The answer, often, is yes, of course I have. And sometimes, that’s exactly why it’s in my hands again.

It’s surprising to me, actually, how many bookish people I know don’t reread books. My mother, for example, has only ever reads each book on her shelf once — barring a few extenuating circumstances. She’s also often the one who wonders aloud why I’m reading Harry Potter for the ten billionth time — and when I try to tell her that it’s because “Hogwarts will always be there to welcome me home,” she doesn’t quite get it, sadly.

My sister, though, has a bookshelf filled with books that are loved, and loved again — by both of us. In fact, over Thanksgiving weekend, I noticed my sister’s nose buried in a worn copy of Tamora Pierce’s In the Hands of the Goddess in between watching movies, cutting vegetables, sorting through pictures, and eating. It’s a book we discovered in our years as late-middle schoolers and early teens, and, like many others from that time in our lives and beyond, it’s a series we come back to often.

What makes us reread these books again and again? First of all, from a practical standpoint, rereading books we’ve read before certainly isn’t going to help us diminish that actual tower of books we call our TBR pile. More importantly, it might delay our discovery of that next fantastic book that we’ll read until the cover is worn down to veritable shreds! Second, it’s not like the story is going to change when we pick the book up once again. The characters stay the same. They do what they do, they say what they say without any deviation. The go through their journey in exactly the same way. I can understand why that sounds boring to many of us.

But to me, an avid re-reader of beloved books, there’s a different kind of magic in returning to the worlds we love. Growing up, and even now, there has always been a sense of soothing and warmth knowing that in the pages of a book are characters that I truly love. As I revisit them again and again, over time they become as well-known to me as my own family. Every mistake, every triumph, though I see it coming, helps add to that sense of belonging. The world becomes as familiar as my own house, the complications become as real as those in my own world. Best of all, experiencing these beloved stories over and over actually ends up opening new avenues into imagination and creativity.

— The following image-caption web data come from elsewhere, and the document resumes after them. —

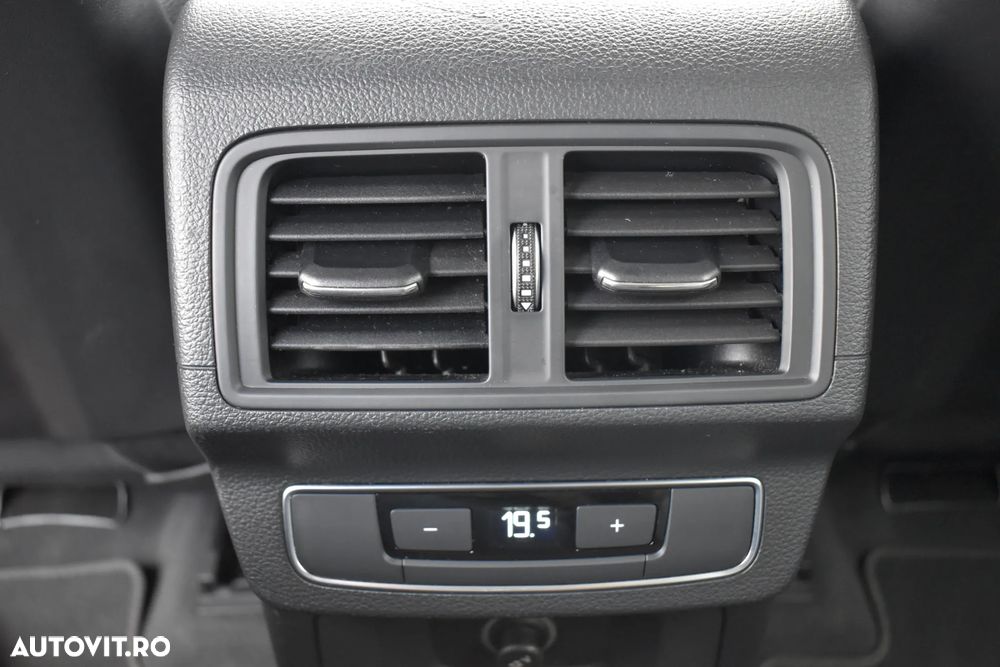 Audi Q5 2.0 TDI Quattro S tronic Design - 27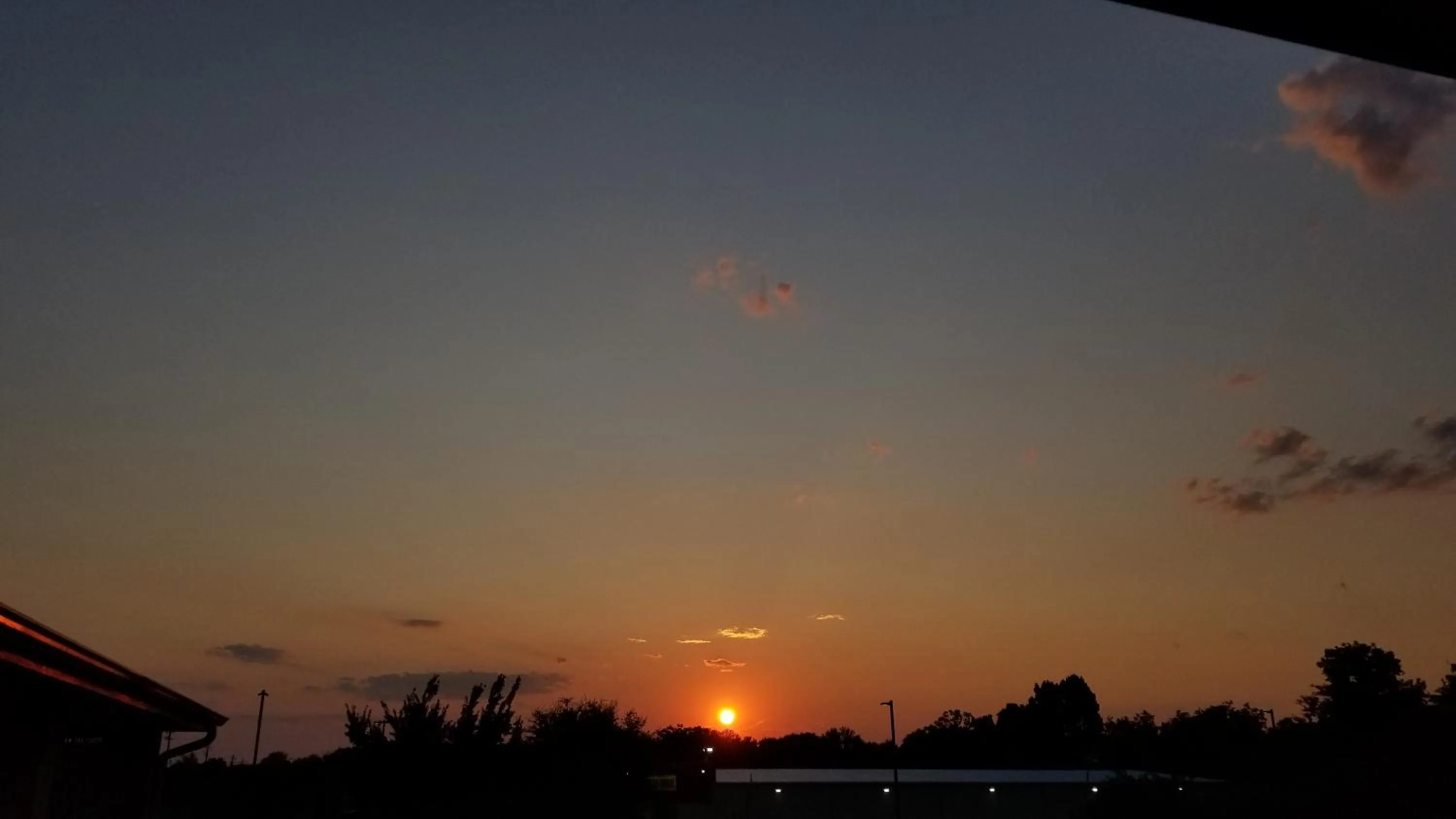 View (from property/room) in Maxim III Motel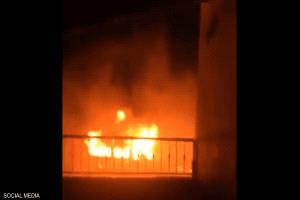 هجمات المستوطنين تتصاعد في الضفة وتحذير من فقدان السيطرة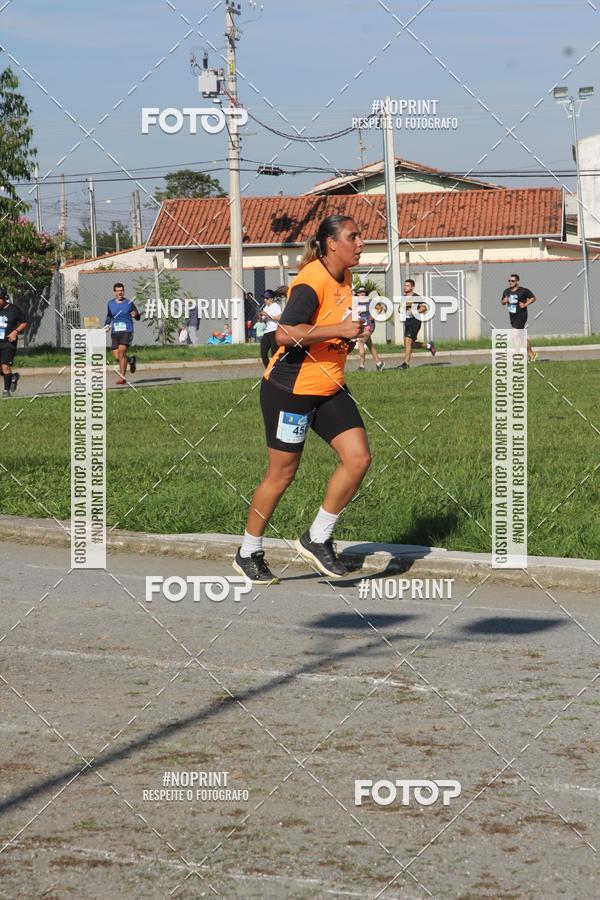 Buy your photos of the eventXXII Corrida Geninho Trememb 2019 on Fotop
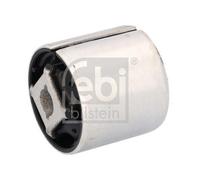 Suspension, Différentiel FEBI BILSTEIN 186417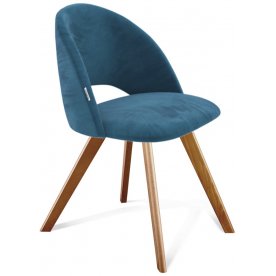 Деревянный стул SHT-ST34/S39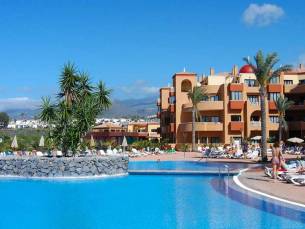 Grand Muthu Golf Plaza Hotel & Spa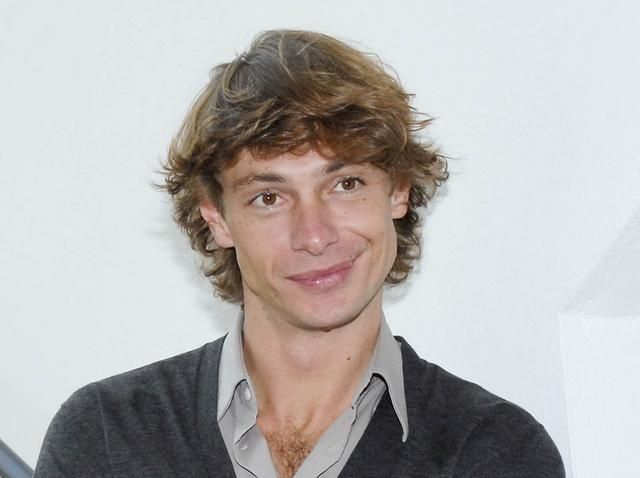 Immagine per None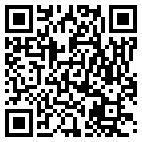 QR Code for Unico Itc in Boca Raton, FL 33433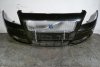 _Zderzak przód Volvo V50 2004 Kombi 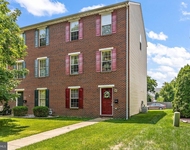 Unit for rent at 906 Gray Street, NEW CASTLE, DE, 19720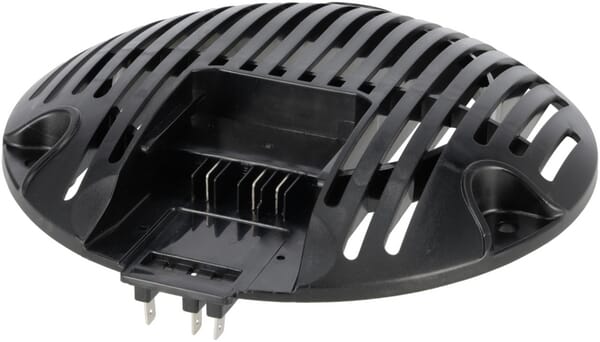 Skærm - 594366 - Briggs & Stratton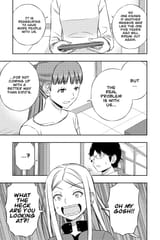 World Trigger - c162 (v19) - p041 [VIZ Media] [Digital] [1r0n]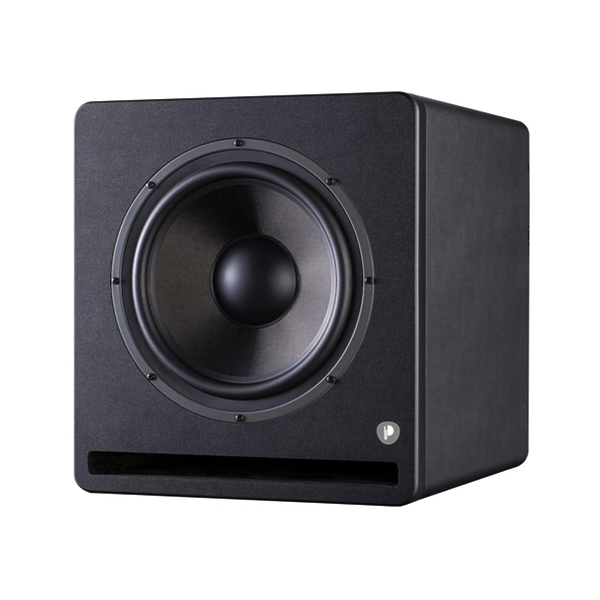 Студийный монитор Prodipe PRO10SV3 артикул 284991Si-1 фото 4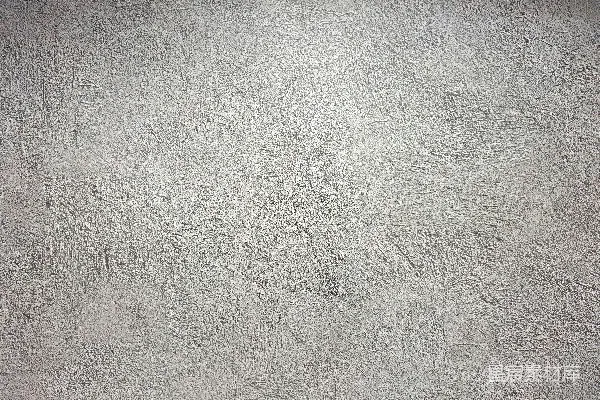 高清摄影 空荡荡的灰色地毯
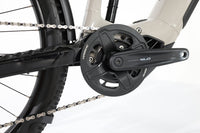 HAIBIKE Adventr FS 10 2022 T.M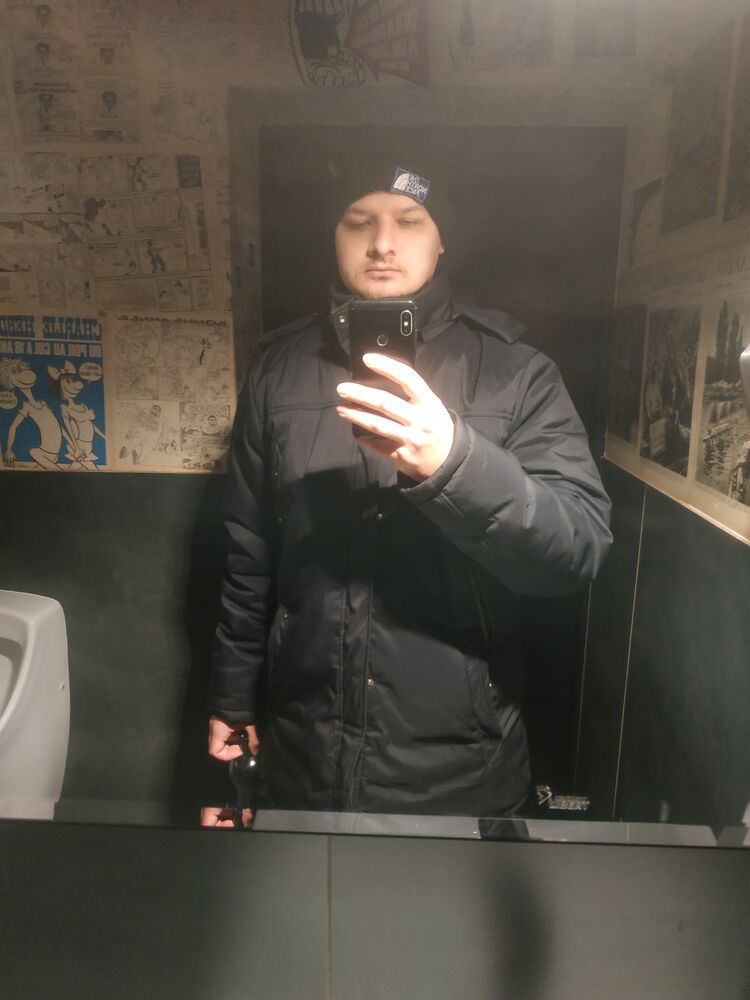  40865107  , 29 ,    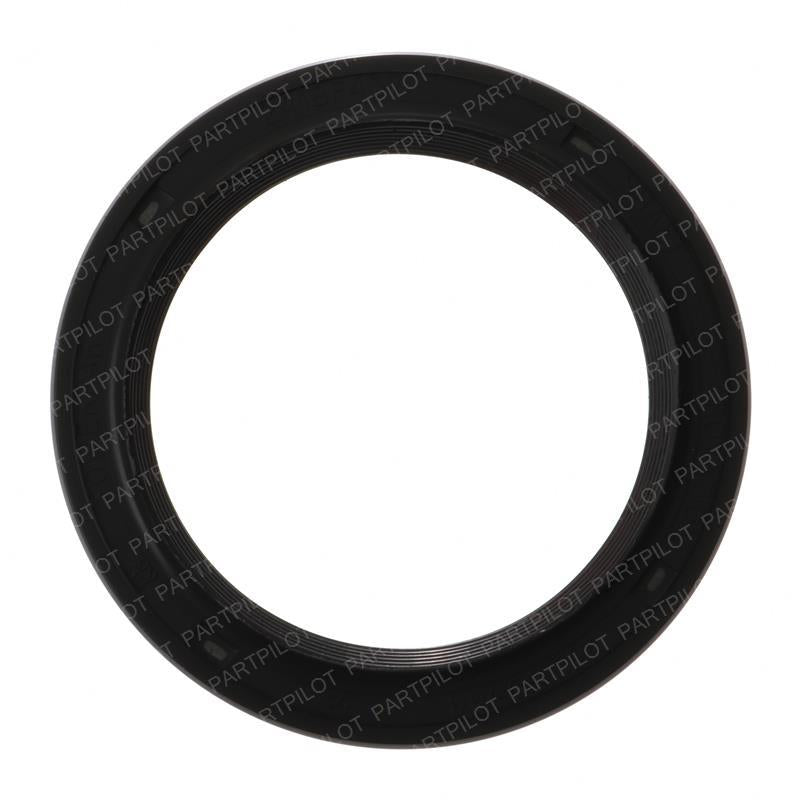 Yanmar 19431232660-ORG - Seal - Front Oil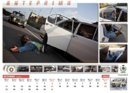 Calendario a Mano Armata 2010 - 9.jpg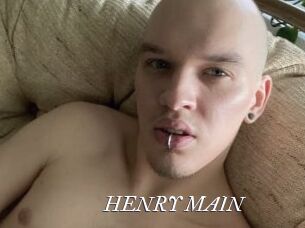 HENRY_MAIN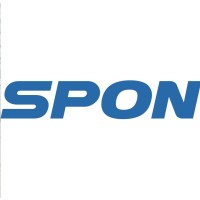 Changsha SPON Communication Technology Co., LTD logo - Similar company to Spon Communication Technology Co., Ltd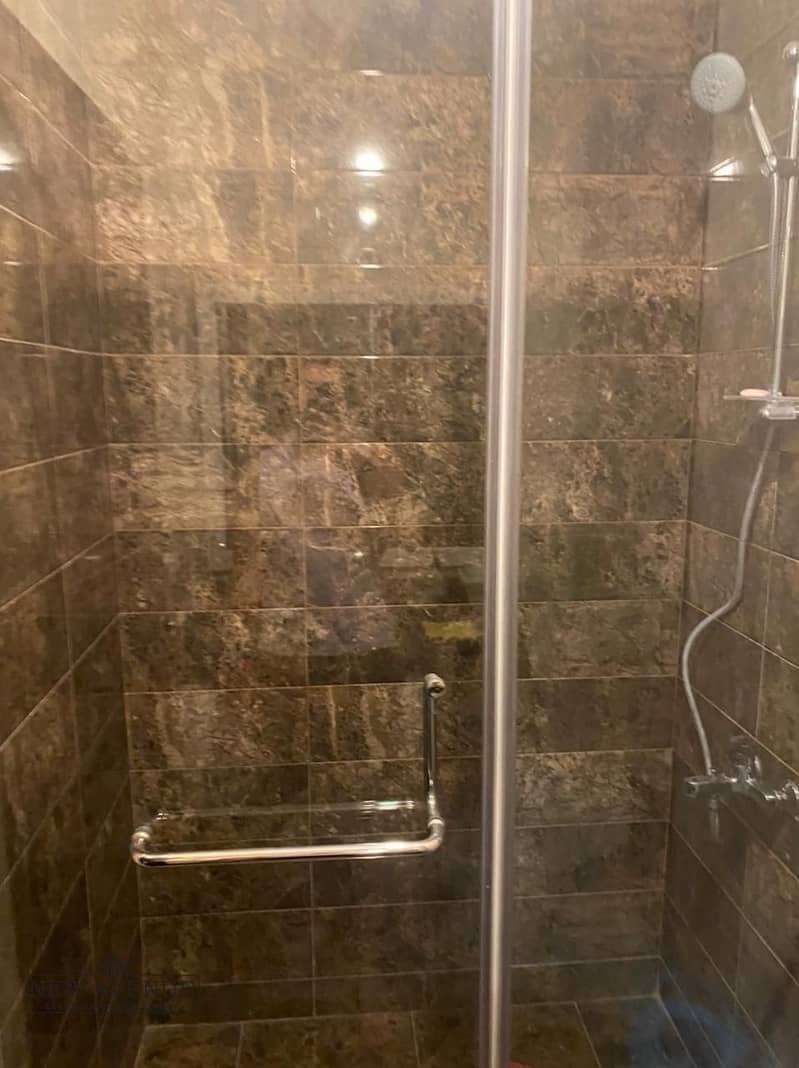 17 WhatsApp Image 2025-12-04 at 3.15. 13 PM (2). jpeg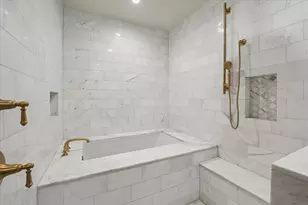 1717 Bissonnet St, Houston, TX 77005 - Photo 17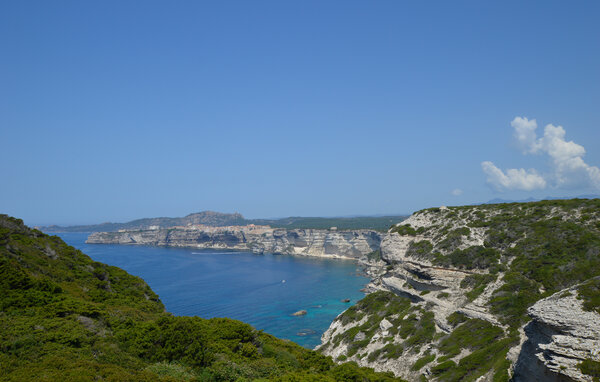 Semesterhus - Figari , Frankrike - FKO771 904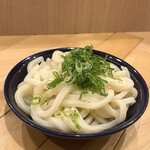 和ごころ 食職 - 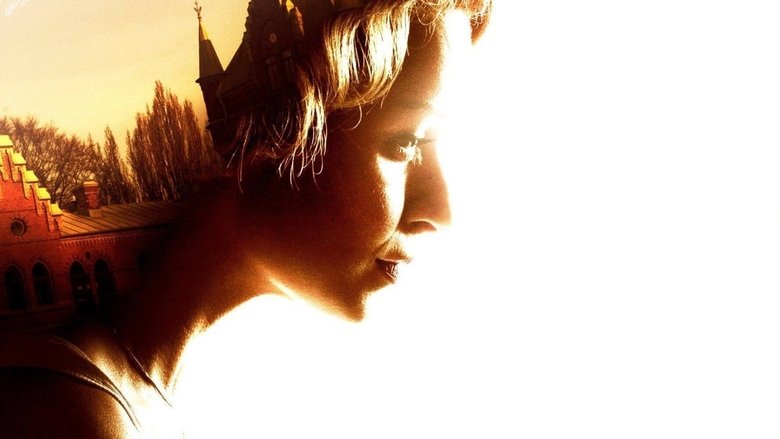 кадр из фильма В глазах смотрящего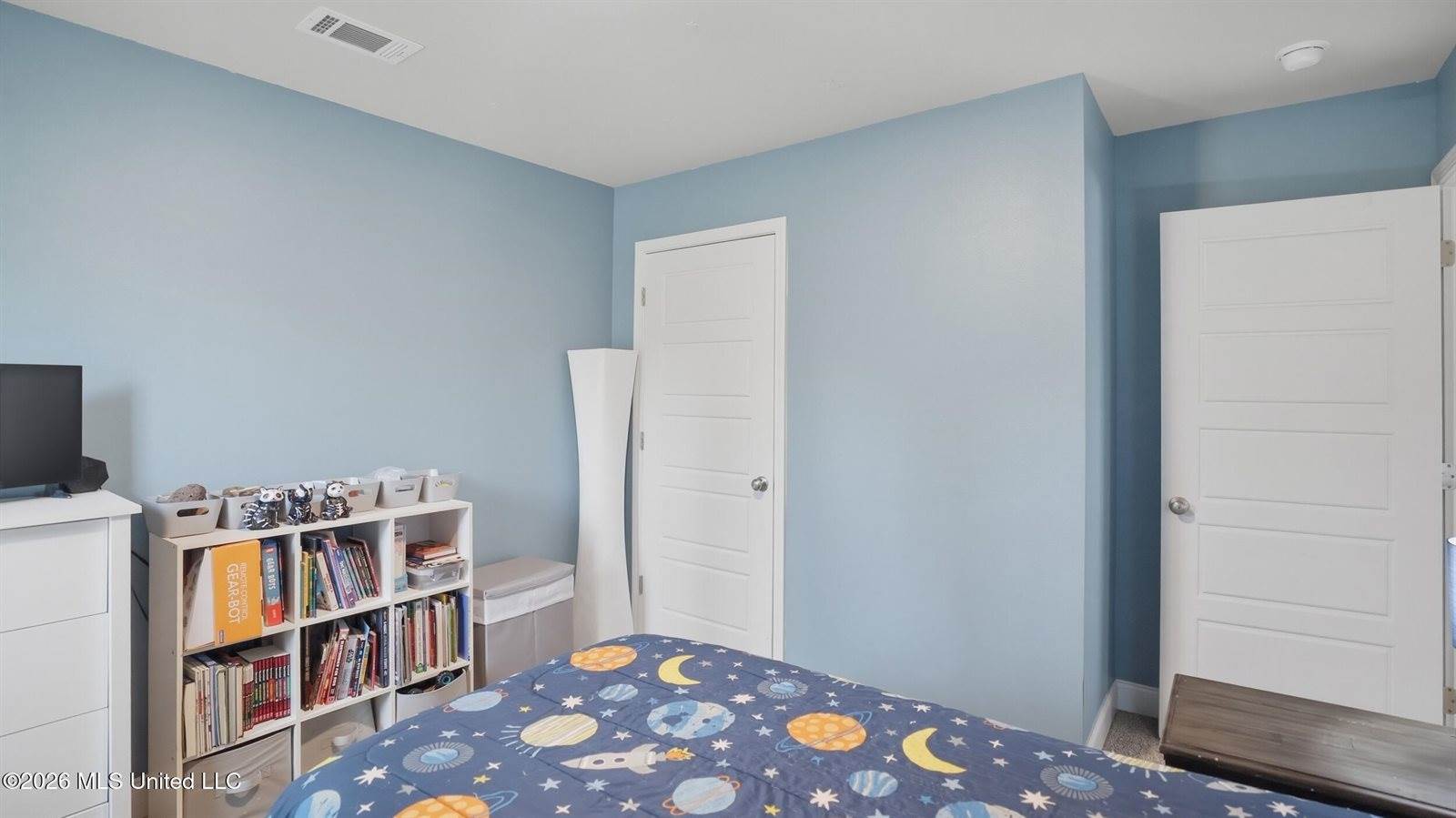 10065 Willow Leaf Drive, Gulfport, MS 39503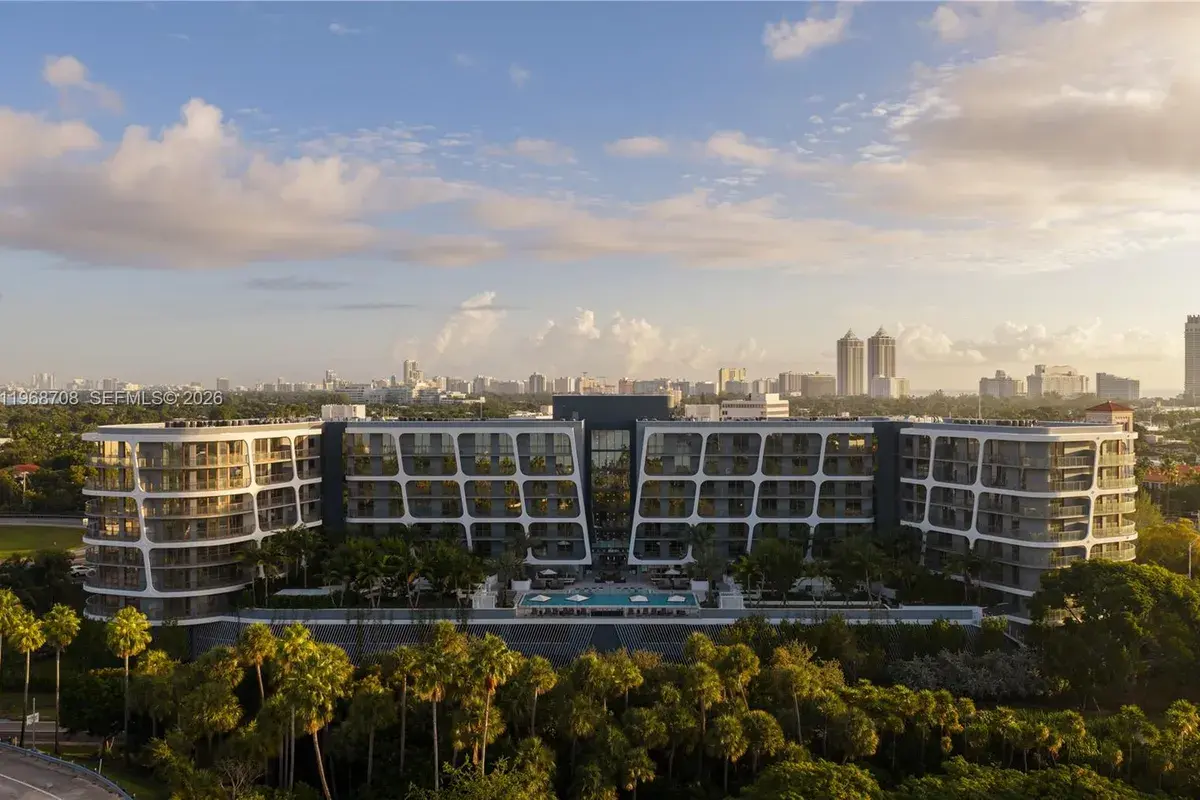 3900 Alton Road # 719, Miami Beach FL 33140
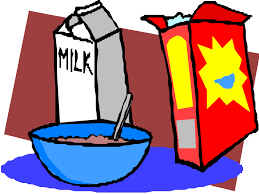 Image result for Summer Breakfast Club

Not to mention, rereading books can also end up helping us re-discover ourselves. Sometimes, what I see in the pages of the book as a child is exactly the same when I read it again as a twenty-something. That indomitable sense of kinship I feel with Anne Shirley, for example, as she rides with Matthew through P.E.I for the first time. No matter how many times I read that story, I suspect that rush of understanding will never dim. Or my utter contempt for Snape, which has never changed, despite the years I’ve spent reading and rereading his story. In such cases, it feels good to know that there are parts of me that will always hold on to a sense of wonder, or a set of important principles. Other times, though, I find that what I felt within a book as a kid or a teen has become very different as I move through adulthood. When this happens, I become aware of how far I’ve come in my own life, of what different experiences have actually changed my view of the world. In this way, rereading a book becomes a powerful tool for figuring out just who I am as a person, too.

So yes, you’ll often see me with my nose stuck in between the softened pages of that worn out old book, laughing at the same jokes I’ve read a million times, crying when the character I loved dies. Because, in the end, nothing compares to that feeling of coming home…over again.